Retype, without changes, every line from the line that contains "Bio Ouster Jetted" through the final line of the records. Exclude pictures.

*** Opening Dataset records ***

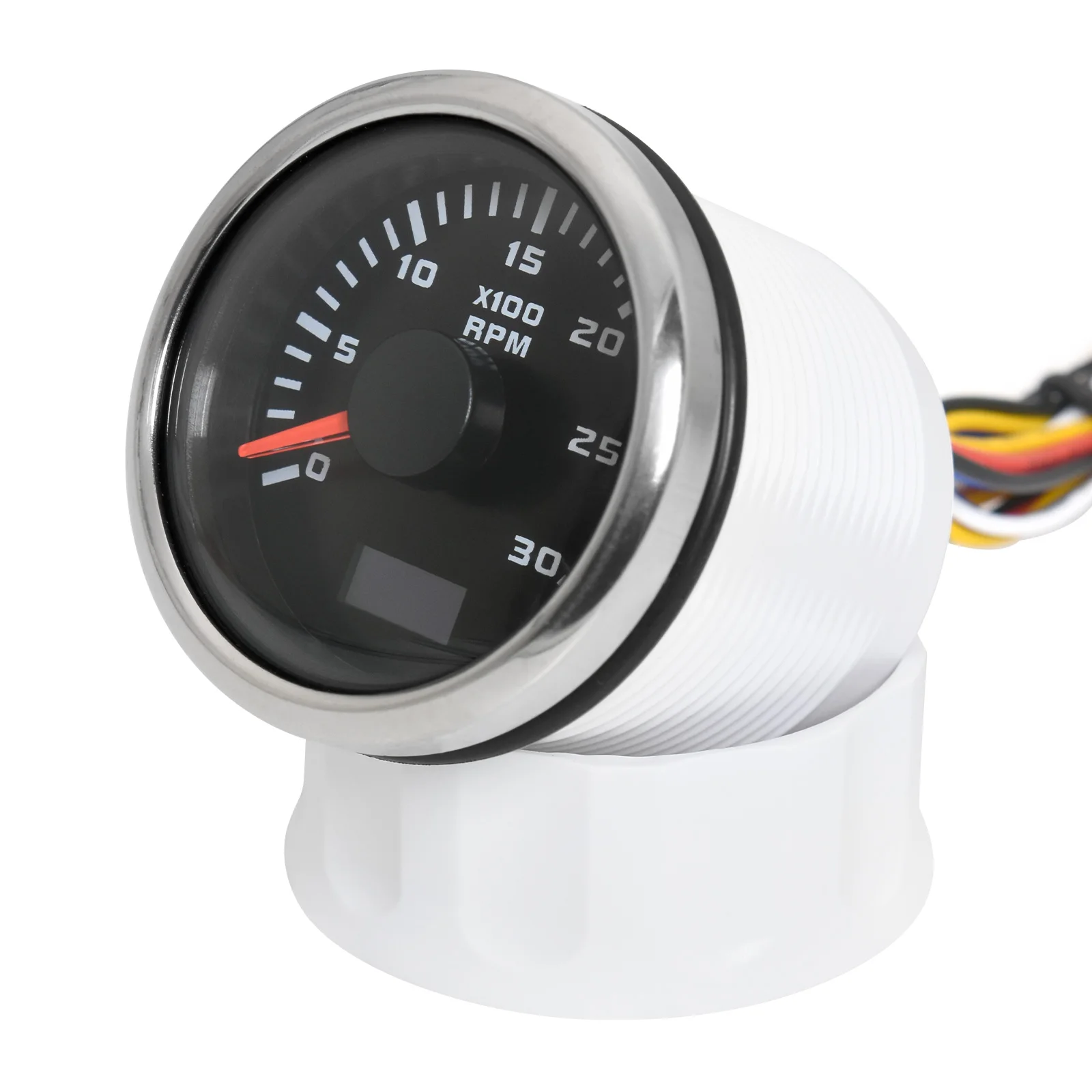 Tacómetro LCD 52mm resistente agua motor diésel marino 3000-8000RPM - imagen 3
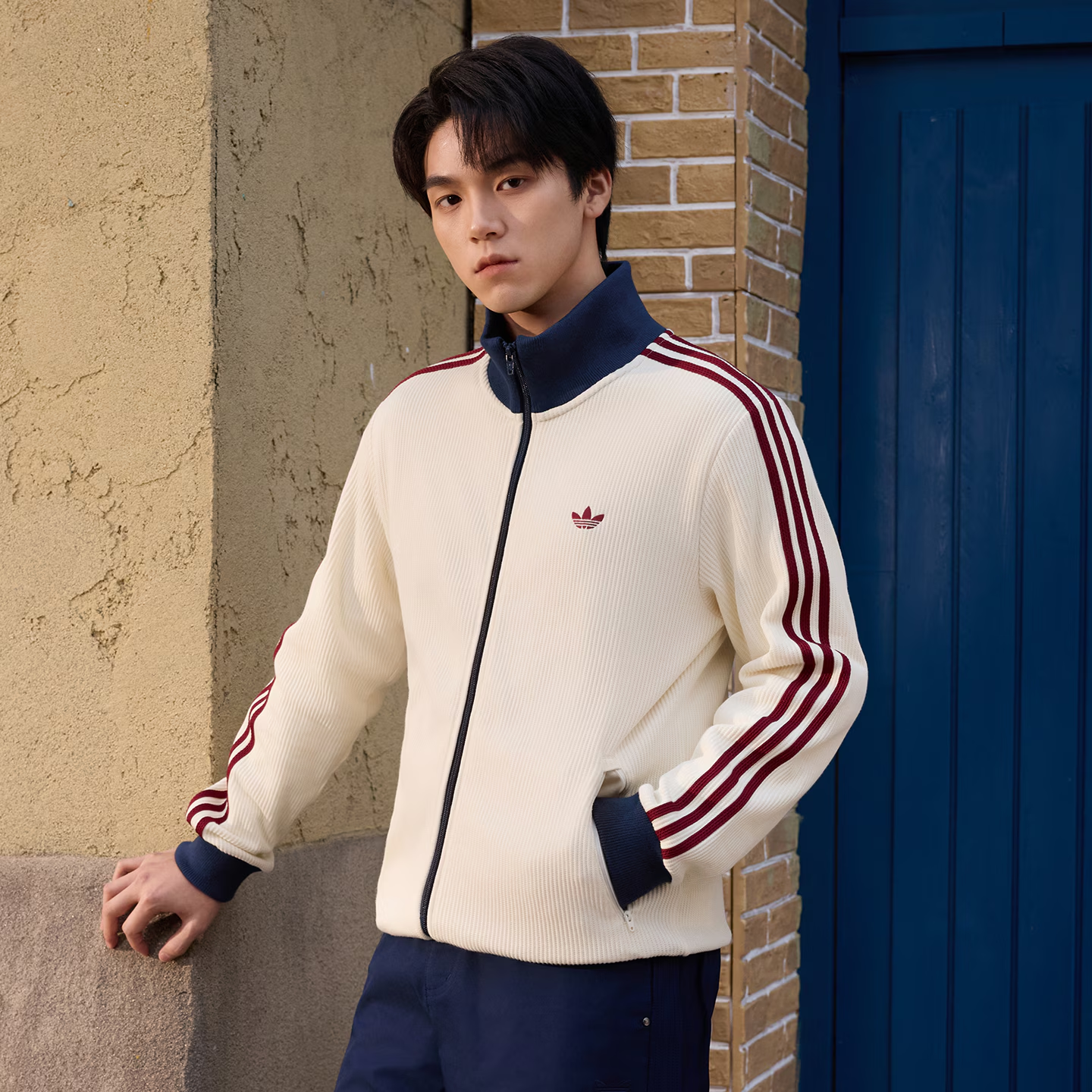 阿迪达斯（adidas）三叶草 外套男装2026春季新款运动休闲时尚百搭舒适宽松针织外套 KY5769 M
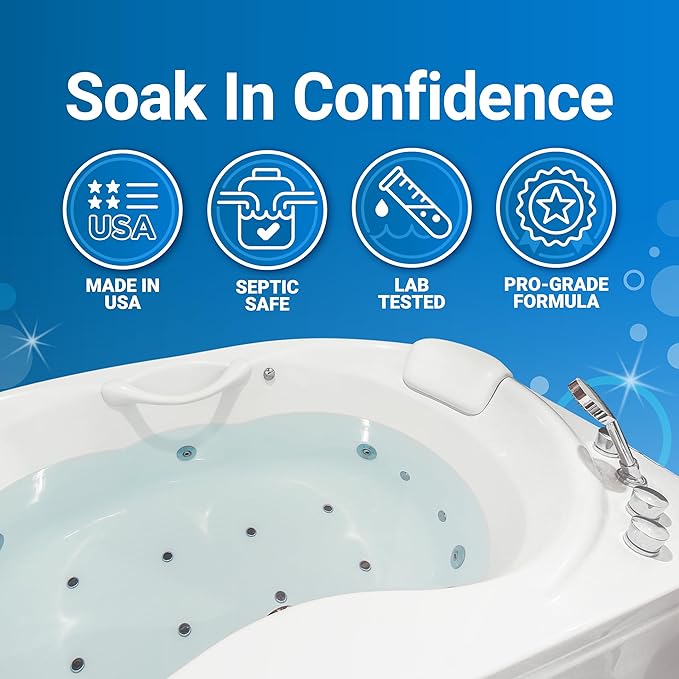 Bio Ouster Jetted Tub Cleaner Kit - Jet and Jacuzzi Tub Cleaner for Jets, Tubes, and Bathtubs - Includes Microfiber Towel - Professional Grade Formula, Made in USA (Kit)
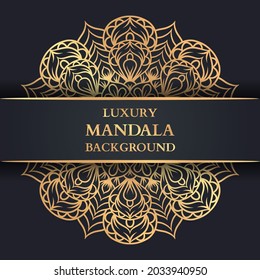 Luxury Mandala Background With Golden Arabesque, Decorative Mandala, Luxury Ornament Template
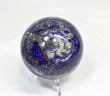 2.95" POLISHED LAPIS LAZULI Sphere With Stand Afghanistan S403
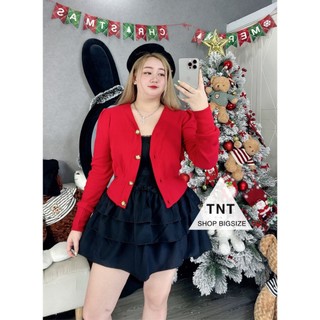ÁO KHOÁC CROPTOP NÚT ĐỒNG [TNT SHOP BIGSIZE 60KG 90KG]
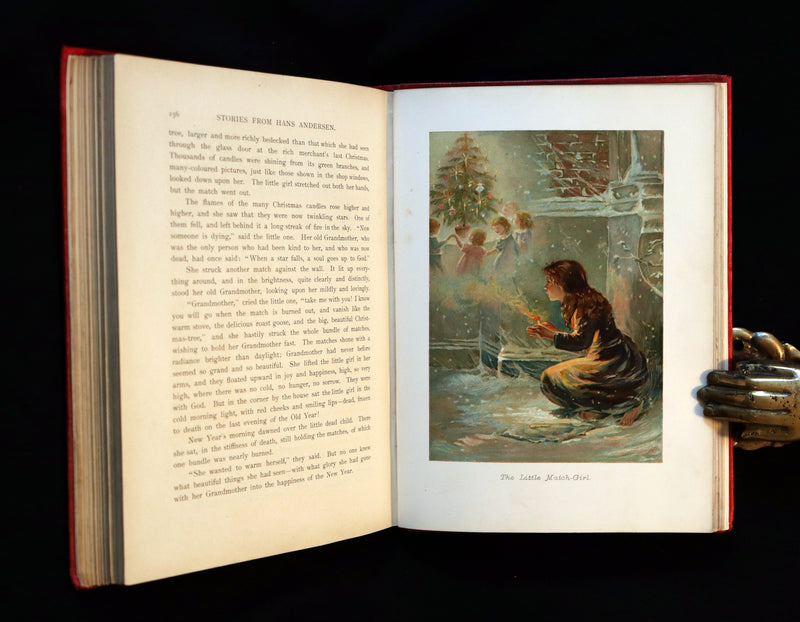 1890 Rare Book - Stories by Hans Andersen - FAIRY TALES illustrated by Evelyn Stuart Hardy.
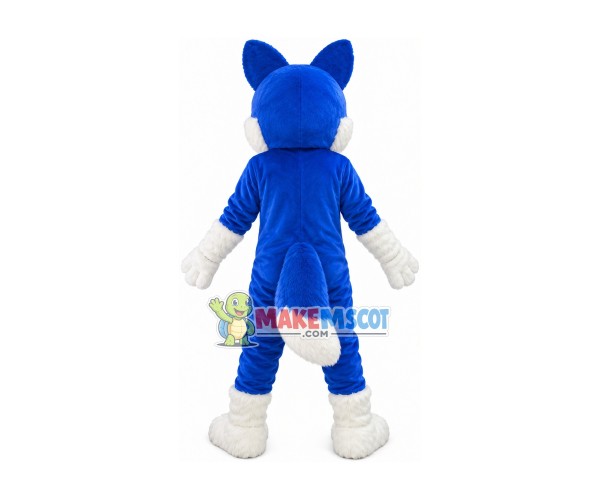 Domestic Lively Furry Husky Mascot Costume Domestic Lively Furry Husky Mascot Costume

*** Closing Dataset records ***

**Output**
 Bio Ouster Jetted Tub Cleaner Kit - Jet and Jacuzzi Tub Cleaner for Jets, Tubes, and Bathtubs - Includes Microfiber Towel - Professional Grade Formula, Made in USA (Kit)
 Luxury Mandala Background With Golden Arabesque, Decorative Mandala, Luxury Ornament Template
 2.95" POLISHED LAPIS LAZULI Sphere With Stand Afghanistan S403
ÁO KHOÁC CROPTOP NÚT ĐỒNG [TNT SHOP BIGSIZE 60KG 90KG]
 1890 Rare Book - Stories by Hans Andersen - FAIRY TALES illustrated by Evelyn Stuart Hardy.
 Domestic Lively Furry Husky Mascot Costume Domestic Lively Furry Husky Mascot Costume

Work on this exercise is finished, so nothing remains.